Nov. 15, 2013 - NS Weekly Update

1. Clock ticking on budget deal again; defense spending still unresolved
The House and Senate are only $90 billion apart on reaching a deal on the $3.5 trillion federal budget for 2014, but closing that gap is proving difficult because nobody is budging.
Delays in getting an agreement are a growing concern for lawmakers, especially members of the House and Senate appropriations committees who are trying to pass 2014 spending bills by Jan. 15 to avoid another shutdown and prevent $109 billion in sequestration cuts that would lop $53 billion from the defense budget.
Differences with defense spending are part of the problem, but only a part. The House version of the 2014 defense funding bill proposes $512.5 billion in the base budget plus $85.8 billion for contingency operations. The Senate bill proposes $516.4 billion in the base budget and $77 billion for contingency operations.
Budget negotiators are expected to resolve differences on defense spending and how much to allocate for contingency operations but details of how money would be spent would be left to the appropriations committees, which need time to make adjustments.
Sen. Barbara Mikulski, D-Md., the Senate Appropriations Committee chairwoman, said that if budget negotiations do not wrap up before Dec. 15 — the current deadline — completing detailed budgets would be difficult because Congress is scheduled to work only eight legislative days between Dec. 15 and Jan. 15.

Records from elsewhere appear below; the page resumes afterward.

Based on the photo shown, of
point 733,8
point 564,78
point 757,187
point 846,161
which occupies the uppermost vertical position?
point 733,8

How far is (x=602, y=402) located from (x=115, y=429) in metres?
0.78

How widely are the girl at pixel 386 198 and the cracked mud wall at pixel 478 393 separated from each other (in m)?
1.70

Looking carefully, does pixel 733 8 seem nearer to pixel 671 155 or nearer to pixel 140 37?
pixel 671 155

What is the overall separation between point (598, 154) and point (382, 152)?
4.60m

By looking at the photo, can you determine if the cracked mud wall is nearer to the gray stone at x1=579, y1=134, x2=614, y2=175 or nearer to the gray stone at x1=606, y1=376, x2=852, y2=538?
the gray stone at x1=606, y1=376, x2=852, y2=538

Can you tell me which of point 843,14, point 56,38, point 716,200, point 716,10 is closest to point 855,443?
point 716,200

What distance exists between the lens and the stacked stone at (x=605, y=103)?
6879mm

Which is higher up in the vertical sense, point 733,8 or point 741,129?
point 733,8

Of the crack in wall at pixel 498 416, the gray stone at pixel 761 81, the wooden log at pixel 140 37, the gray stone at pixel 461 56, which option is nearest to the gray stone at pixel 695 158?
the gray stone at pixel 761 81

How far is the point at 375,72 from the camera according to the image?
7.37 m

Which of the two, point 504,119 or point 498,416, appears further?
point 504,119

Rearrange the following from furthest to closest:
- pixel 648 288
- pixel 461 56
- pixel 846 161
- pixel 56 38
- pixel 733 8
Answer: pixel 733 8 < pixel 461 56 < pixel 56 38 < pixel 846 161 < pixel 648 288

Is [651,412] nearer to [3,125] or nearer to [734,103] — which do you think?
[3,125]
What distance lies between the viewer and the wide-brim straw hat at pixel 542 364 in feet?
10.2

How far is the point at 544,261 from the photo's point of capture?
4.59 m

As budget negotiators met Nov. 13 to discuss their differences, Douglas Elmendorf, director of the nonpartisan Congressional Budget Office, warned there is no miracle cure.

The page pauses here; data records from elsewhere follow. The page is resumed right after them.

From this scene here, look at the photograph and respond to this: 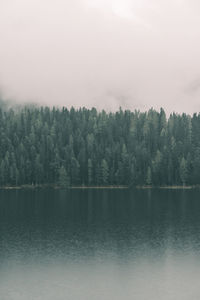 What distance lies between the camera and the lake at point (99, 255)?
5209 cm

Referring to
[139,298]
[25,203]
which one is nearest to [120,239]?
[139,298]

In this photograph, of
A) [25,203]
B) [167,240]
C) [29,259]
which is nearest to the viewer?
[29,259]

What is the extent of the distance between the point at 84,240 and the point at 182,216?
41975 millimetres

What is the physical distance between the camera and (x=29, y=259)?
66750 millimetres

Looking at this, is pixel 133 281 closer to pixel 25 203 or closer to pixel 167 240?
pixel 167 240

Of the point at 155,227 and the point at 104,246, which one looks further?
the point at 155,227

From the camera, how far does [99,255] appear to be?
69.6m

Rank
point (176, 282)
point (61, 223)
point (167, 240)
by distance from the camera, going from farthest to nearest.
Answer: point (61, 223) < point (167, 240) < point (176, 282)

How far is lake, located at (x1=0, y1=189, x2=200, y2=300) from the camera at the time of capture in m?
52.1

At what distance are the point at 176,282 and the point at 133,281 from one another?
5.86 metres

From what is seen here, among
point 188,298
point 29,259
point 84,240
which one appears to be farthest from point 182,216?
point 188,298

With choices that include cutting discretionary spending such as the defense budget; cutting entitlements such as Social Security and Medicare; and raising taxes, lawmakers need to understand that they have to pick at least one and possibly a combination of more than one, Elmendorf said.

2. US Aircraft Carrier Group Begins Philippines Relief Operations
The U.S. Navy launched a huge relief operation in the typhoon-ravaged central Philippines Thursday, as the devastated Philippine city of Tacloban began the grim task of burying its dead.

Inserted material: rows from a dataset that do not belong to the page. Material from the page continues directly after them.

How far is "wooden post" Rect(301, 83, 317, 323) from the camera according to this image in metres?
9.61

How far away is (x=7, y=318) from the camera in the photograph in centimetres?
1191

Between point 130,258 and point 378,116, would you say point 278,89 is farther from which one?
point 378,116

The aircraft carrier USS George Washington and a contingent of seven supply ships arrived in the Philippine Sea early Thursday, and began delivering water and emergency rations to the wrecked city. The carrier also has medical facilities and can produce 1.5 million liters of fresh water a day. One of the ships in the carrier group, the USNS Charles Drew, made its first delivery of food and drinking water to the storm ravaged city of Tacloban Thursday.
The giant hospital ship USS Mercy also is making emergency preparations to depart the United States, and is expected to join the emergency flotilla within weeks, along with the British carrier HMS Illustrious.

3. Report: Air Force is Shrinking
The Air Force's acting secretary says the uncertainty around the federal budget makes it extremely hard to make decisions about the service's future shape and size. But even if the budget cuts are undone, the service will need to get smaller, he said.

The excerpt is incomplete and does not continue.